4.3. LTIR_v1_0 Dataset Results

LTIR dataset is a thermal infrared dataset used to evaluate the tracking of a single object (STSO) in a short time. Currently, only one version is available. Version 1.0 consists of 20 infrared thermal sequences with an average length of 563 frames. This dataset is a subchallenge of the 2015 Visual Object Recognition (VOT) Challenge. In the experiment, 11,262 8-bit images are divided into a training set of 9010 images and a test set of 2252 images. Figure 8 shows the test image on the LTIR dataset. The quantitative results are shown in Table 5.

4.4. Ablation Research and Analysis

We conduct ablation research on the effect of the loss function component in the deblurring method proposed in this paper. The results are summarized in Table 6. We can see that our proposed dark channel and bright channel a priori determination components are steadily improving PSNR and SSIM. In particular, the dark channel a priori determination module contributes the most. When we replace the perceptual loss function with L1 and L2 loss functions, the average SSIM and PSNR both decrease. It can be seen from Figure 9 that the deblurred image generated after replacing the perceptual loss function with the L1 and L2 loss function is too smooth. In summary, in the deblurring task, the perceptual loss function is more suitable than the L1 and L2 loss functions.

4.5. Use Advanced Vision Tasks to Compare Deblurring Results

Basic vision tasks, including image deblurring, serve for advanced vision tasks. In order to further verify the effectiveness of our method, we match the deblurred images generated by several methods with real clear images. Scale-Invariant Feature Transformation (SIFT) is a representation of Gaussian image gradient statistics in the field of feature points and is a commonly used image local feature extraction algorithm. In the matching result, the number of matching points can be used as a criterion for matching quality, and the corresponding matching points can also determine the similarity of the local features of the two images. Figure 10 shows the result of matching the deblurred image with the real clear image through the SIFT algorithm. It can be seen from the quantity that the deblurred image produced by our proposed method obtains more correct matching pairs than other methods.
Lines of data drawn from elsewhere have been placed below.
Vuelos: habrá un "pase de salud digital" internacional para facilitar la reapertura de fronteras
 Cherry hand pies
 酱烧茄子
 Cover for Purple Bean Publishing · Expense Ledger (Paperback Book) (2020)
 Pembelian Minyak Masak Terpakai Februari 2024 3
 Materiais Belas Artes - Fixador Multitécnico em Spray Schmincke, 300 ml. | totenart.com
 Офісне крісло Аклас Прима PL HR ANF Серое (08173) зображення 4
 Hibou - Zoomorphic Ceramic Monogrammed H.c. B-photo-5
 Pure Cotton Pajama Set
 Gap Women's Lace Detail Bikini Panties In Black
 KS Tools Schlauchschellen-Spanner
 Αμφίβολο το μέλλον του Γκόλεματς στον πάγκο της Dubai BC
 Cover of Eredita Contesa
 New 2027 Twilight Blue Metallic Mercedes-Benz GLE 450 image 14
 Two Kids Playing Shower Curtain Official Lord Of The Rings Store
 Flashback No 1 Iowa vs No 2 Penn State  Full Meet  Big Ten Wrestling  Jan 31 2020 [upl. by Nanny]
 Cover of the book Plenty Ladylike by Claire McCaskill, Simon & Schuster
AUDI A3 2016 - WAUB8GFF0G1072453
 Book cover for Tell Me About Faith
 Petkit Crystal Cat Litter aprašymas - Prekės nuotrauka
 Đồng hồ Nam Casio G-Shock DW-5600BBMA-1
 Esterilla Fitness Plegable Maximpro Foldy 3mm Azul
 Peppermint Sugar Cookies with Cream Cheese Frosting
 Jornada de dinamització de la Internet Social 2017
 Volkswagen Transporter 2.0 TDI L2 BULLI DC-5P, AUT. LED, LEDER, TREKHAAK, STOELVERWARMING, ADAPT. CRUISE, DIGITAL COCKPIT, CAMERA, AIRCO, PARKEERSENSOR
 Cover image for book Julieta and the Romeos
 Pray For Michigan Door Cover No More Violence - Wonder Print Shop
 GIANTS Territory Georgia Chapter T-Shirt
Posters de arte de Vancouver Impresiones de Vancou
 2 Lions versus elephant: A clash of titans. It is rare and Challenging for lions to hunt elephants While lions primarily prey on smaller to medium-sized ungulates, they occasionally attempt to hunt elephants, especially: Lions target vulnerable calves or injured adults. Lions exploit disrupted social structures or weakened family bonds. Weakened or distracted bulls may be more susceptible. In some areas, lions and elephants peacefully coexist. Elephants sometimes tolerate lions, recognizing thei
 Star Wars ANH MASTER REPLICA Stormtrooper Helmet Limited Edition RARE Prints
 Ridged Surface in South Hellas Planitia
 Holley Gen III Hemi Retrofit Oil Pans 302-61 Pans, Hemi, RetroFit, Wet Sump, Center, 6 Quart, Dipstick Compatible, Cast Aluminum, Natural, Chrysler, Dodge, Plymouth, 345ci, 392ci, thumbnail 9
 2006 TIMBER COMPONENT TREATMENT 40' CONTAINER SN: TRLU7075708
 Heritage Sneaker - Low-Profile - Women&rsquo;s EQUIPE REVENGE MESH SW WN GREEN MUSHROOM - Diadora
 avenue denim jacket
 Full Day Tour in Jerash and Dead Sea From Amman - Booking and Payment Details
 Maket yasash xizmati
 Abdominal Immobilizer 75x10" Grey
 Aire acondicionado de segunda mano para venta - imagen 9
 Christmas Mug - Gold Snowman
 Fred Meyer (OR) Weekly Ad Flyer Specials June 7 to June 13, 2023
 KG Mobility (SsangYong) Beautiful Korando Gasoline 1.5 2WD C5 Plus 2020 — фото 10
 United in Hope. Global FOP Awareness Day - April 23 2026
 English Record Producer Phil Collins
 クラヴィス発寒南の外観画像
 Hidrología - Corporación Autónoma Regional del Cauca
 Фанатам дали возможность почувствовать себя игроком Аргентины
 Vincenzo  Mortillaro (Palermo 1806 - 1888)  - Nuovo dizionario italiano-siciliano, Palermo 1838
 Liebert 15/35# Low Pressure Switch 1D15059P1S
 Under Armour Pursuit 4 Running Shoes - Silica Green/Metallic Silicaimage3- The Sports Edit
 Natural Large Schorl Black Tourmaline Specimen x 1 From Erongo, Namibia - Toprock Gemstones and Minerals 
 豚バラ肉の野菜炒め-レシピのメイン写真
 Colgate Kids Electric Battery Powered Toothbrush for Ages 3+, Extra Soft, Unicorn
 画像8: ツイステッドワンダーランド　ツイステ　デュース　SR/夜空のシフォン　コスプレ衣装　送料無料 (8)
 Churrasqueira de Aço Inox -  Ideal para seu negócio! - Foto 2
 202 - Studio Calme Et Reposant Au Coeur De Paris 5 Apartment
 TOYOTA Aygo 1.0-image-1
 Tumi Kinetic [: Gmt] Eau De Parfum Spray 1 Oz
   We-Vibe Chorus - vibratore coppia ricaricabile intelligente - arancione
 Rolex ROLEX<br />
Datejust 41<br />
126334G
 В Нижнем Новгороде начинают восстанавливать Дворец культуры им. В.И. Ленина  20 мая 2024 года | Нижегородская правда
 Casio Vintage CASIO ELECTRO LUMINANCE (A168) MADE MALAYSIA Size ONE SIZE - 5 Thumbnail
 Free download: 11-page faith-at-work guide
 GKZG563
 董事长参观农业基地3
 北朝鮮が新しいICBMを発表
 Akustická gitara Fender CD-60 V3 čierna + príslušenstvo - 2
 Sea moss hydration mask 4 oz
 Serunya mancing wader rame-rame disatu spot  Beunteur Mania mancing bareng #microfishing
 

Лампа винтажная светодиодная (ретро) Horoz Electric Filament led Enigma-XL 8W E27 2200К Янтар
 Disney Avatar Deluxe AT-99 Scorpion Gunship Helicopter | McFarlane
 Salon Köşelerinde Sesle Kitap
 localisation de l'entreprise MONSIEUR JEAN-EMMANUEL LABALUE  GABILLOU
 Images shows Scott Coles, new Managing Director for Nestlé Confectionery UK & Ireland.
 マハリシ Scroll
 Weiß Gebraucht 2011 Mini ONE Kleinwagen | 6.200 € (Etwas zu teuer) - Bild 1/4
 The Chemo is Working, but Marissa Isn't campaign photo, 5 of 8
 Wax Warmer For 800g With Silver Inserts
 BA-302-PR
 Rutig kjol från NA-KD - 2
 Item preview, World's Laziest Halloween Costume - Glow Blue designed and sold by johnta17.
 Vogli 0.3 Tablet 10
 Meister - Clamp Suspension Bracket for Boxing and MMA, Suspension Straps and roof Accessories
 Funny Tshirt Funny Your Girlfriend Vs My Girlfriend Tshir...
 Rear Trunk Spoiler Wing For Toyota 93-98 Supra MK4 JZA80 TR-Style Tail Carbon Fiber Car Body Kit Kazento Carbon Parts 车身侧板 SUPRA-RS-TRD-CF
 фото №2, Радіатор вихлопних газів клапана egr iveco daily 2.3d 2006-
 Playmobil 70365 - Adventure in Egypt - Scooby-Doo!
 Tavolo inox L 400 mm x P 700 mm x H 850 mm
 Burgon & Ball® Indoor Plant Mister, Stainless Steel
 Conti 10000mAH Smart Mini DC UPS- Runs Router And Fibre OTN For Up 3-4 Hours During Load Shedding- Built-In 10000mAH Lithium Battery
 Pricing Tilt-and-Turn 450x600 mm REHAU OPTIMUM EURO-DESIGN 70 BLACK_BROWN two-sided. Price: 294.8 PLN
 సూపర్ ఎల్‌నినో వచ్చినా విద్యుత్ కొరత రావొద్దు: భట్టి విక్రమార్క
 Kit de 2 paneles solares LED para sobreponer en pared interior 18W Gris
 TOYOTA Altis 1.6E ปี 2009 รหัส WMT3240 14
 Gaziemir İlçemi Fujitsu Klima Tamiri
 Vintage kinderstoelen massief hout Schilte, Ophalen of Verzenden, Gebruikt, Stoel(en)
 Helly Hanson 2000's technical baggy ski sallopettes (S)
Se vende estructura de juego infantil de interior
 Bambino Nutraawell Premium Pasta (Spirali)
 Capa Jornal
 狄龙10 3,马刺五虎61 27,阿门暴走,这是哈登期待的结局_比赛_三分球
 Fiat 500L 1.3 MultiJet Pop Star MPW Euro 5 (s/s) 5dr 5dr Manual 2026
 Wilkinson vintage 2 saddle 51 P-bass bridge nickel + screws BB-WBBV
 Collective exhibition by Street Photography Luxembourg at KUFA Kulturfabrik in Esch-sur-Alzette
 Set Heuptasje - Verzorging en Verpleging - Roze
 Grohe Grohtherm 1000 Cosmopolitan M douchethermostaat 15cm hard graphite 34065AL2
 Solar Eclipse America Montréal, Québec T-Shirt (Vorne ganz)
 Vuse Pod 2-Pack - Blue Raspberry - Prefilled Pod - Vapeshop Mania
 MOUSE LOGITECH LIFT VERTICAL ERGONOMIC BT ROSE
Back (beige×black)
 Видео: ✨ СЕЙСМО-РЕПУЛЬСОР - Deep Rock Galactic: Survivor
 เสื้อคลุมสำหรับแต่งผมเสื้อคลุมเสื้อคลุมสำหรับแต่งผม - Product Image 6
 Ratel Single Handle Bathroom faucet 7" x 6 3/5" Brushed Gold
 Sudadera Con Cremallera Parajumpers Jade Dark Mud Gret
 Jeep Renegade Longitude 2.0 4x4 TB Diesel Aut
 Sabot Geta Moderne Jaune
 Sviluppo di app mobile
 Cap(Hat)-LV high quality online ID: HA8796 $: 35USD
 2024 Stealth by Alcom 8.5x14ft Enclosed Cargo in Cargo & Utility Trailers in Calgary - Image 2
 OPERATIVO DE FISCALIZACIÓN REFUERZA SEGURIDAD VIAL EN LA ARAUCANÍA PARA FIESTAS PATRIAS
In this experiment, we use the classic YOLO [65] method for deblurring image target detection (Figure 11). As can be seen, the proposed method to generate a blurred image has better detection result, and more targets can be detected.

5. Conclusion

Blind deblurring of a single infrared image is still a challenging computer vision problem. In this work, a method based on the GAN and channel prior discrimination is proposed for the problem of infrared image deblurring. Different from the previous deblurring work, we combine traditional blind deblurring and blind deblurring methods based on learning methods. Considering the different types of blur caused by the motion of the imaging device and the imaging object, extensive experiments were carried out on different public datasets. Experimental results show that the proposed method is more competitive than other popular image deblurring methods in terms of deblurring quality (subjective and objective) and efficiency.

Data Availability

The data used to support the findings of this study are available from the corresponding author upon request.

Conflicts of Interest

The authors declare that they have no conflicts of interest.